▶ [TASK TO COMPLETE] Output a verbatim copy of the data, cut off after the line that contains "TUSAŞ Genel Müdürü".

▶ [EXERCISE DATA]
════════════════════

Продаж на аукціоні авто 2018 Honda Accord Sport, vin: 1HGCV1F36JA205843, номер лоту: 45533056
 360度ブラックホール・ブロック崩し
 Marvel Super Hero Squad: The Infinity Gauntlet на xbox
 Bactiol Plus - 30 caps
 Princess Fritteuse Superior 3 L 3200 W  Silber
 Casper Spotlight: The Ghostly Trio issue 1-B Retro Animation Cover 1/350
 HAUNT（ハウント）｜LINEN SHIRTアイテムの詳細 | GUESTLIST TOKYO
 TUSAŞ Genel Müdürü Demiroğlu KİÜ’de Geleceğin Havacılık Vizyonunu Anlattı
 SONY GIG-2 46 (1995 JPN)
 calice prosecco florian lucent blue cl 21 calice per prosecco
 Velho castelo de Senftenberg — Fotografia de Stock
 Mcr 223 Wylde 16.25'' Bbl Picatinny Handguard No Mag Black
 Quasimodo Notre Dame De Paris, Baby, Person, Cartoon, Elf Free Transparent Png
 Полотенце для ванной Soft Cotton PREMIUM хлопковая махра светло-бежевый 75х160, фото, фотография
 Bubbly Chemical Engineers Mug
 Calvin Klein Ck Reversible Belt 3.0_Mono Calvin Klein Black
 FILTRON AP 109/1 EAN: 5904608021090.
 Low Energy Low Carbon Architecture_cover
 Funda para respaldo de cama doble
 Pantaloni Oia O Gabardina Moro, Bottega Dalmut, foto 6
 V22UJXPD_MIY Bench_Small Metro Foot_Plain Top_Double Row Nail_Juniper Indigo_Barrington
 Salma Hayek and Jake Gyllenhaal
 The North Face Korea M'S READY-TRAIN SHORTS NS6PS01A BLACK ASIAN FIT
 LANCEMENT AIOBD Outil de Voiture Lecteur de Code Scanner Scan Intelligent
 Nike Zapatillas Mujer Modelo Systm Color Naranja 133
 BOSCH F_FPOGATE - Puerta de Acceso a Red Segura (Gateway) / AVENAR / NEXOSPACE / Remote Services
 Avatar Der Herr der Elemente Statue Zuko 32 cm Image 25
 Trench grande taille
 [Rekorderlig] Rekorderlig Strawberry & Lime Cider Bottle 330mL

════════════════════

▶ [WORKED SOLUTION]
Продаж на аукціоні авто 2018 Honda Accord Sport, vin: 1HGCV1F36JA205843, номер лоту: 45533056
 360度ブラックホール・ブロック崩し
 Marvel Super Hero Squad: The Infinity Gauntlet на xbox
 Bactiol Plus - 30 caps
 Princess Fritteuse Superior 3 L 3200 W  Silber
 Casper Spotlight: The Ghostly Trio issue 1-B Retro Animation Cover 1/350
 HAUNT（ハウント）｜LINEN SHIRTアイテムの詳細 | GUESTLIST TOKYO
 TUSAŞ Genel Müdürü Demiroğlu KİÜ’de Geleceğin Havacılık Vizyonunu Anlattı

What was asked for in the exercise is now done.